(Activity) Go through the listing and set it down exactly, leaving out its pictures.

(Source data)
= = = = =
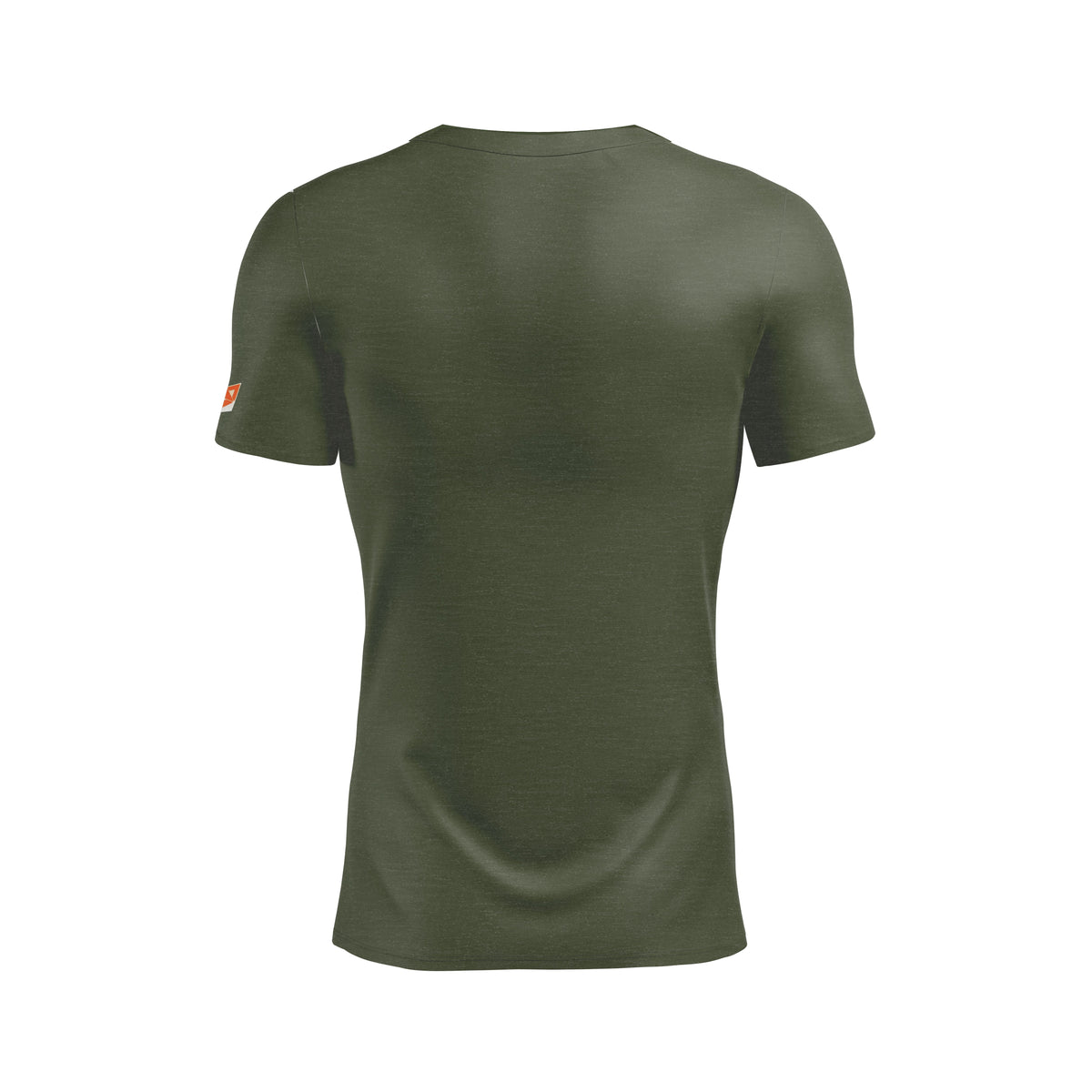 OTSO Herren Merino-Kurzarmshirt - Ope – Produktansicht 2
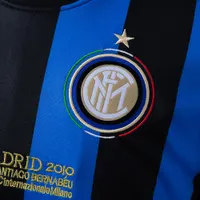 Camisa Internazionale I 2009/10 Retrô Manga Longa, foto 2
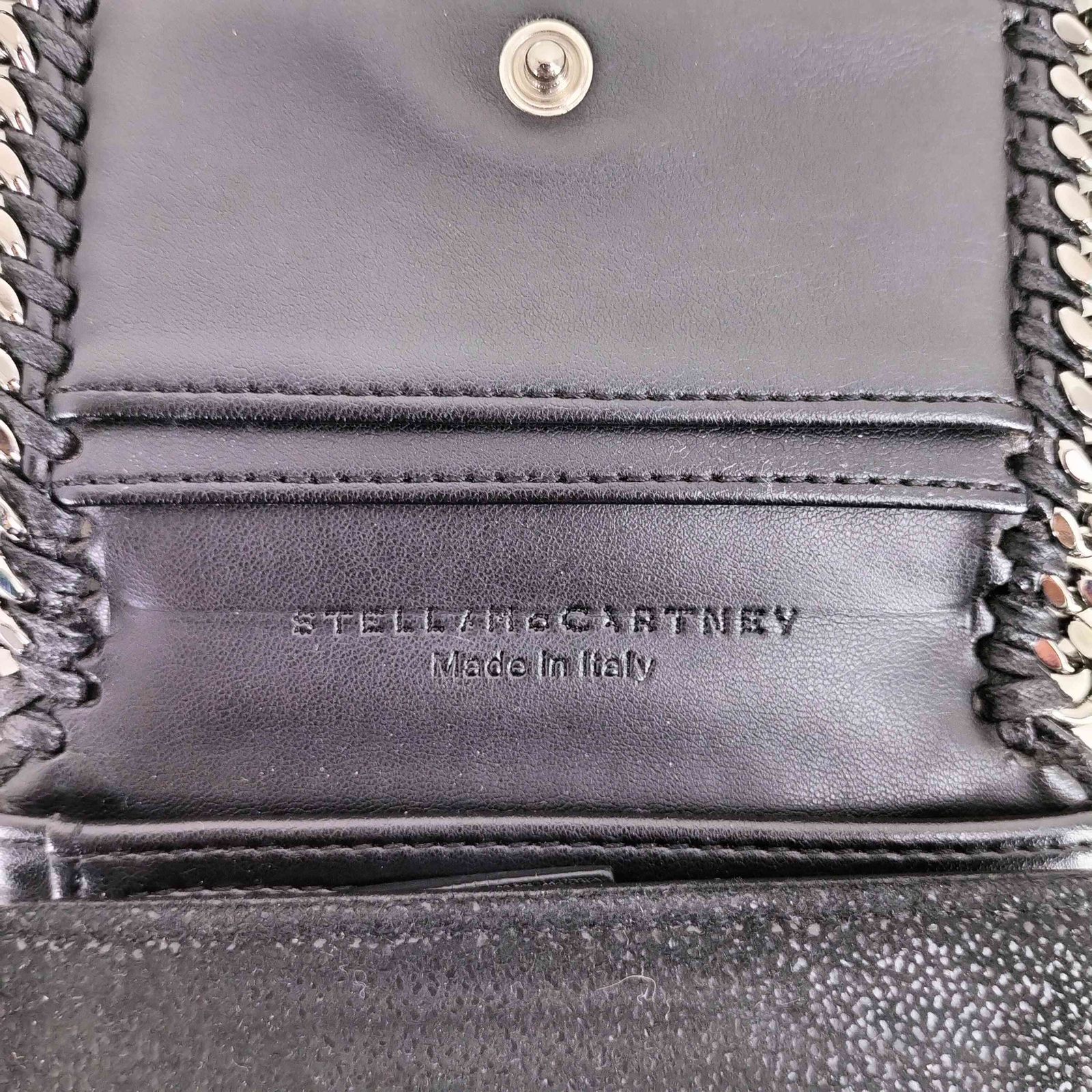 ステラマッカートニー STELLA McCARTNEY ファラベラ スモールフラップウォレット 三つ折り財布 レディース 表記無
= = = = =
(Task response)
 OTSO Herren Merino-Kurzarmshirt - Ope – Produktansicht 2
 Camisa Internazionale I 2009/10 Retrô Manga Longa, foto 2
 ステラマッカートニー STELLA McCARTNEY ファラベラ スモールフラップウォレット 三つ折り財布 レディース 表記無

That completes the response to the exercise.